Irene remembered: "Grandpa Britnell had land near Wigan - he was into farming in a big way. They had a milk round at Poolstock. There was a lake on the land and Irene loved this lake she had a feeling that there were fairies and angels there and she talked to them and made wishes which she was convinced would come true.   This was during the first World War (she'd only be very young).
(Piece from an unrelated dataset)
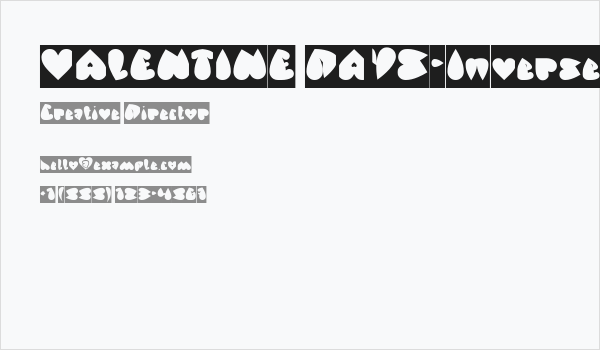 VALENTINE DAYS-Inverse Business Card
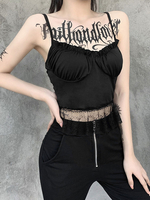 Frauen Black Gothic Tanks Gothic Polyester Retro Kostüme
Rebecca did the milk round every Saturday and Irene and Tom were taken out in the milk van, they were given a meat pie for their lunch and a glass of milk ladled from the churn in the van."



Matilda Gomme

Matilda Gomme
b. 1854/55
Bledow, Bucks
d. ?
Cranley Benjamin Britnell
b. 1853/54
Oxfordshire
d. ?

SIX CHILDREN OF MATILDA GOMME & CRANLEY BENJAMIN BRITNELL

i) Lancelot Cranley Britnell - b. 1868 Bledow, Bucks - Blacksmith

ii) Matilda Wilson Britnell - b. 1872 Long Crendon, Bucks

iii) John Shaw Britnell (Jack) - b. 1873 Long Crendon, Bucks - married 1902/3 Hannah Ellen Britnell -
children: Matilda Elizabeth, Catherine Edith, Hannah Ellen Bertha

iv) Eunice Louisa Britnell - b. 1881/2
children: son killed in war

v) Albert Edward Britnell - b. 1884

vi) Mabel Ellen Britnell (Rebecca) - b. 1887 d. 1943



According to the 1911 census, John Shaw Britnell (age 37) was a cotton operative overlooker and had been married for eight years to Hannah Ellen (age 37). They had three daughters at the time - Matilda Elizabeth (age 13), Catherine Edith (age 7), and Hannah Ellen Bertha (age 4). Elizabeth was working as a cotton weaver. Hannah was born in All Green Upholland, Lancashire.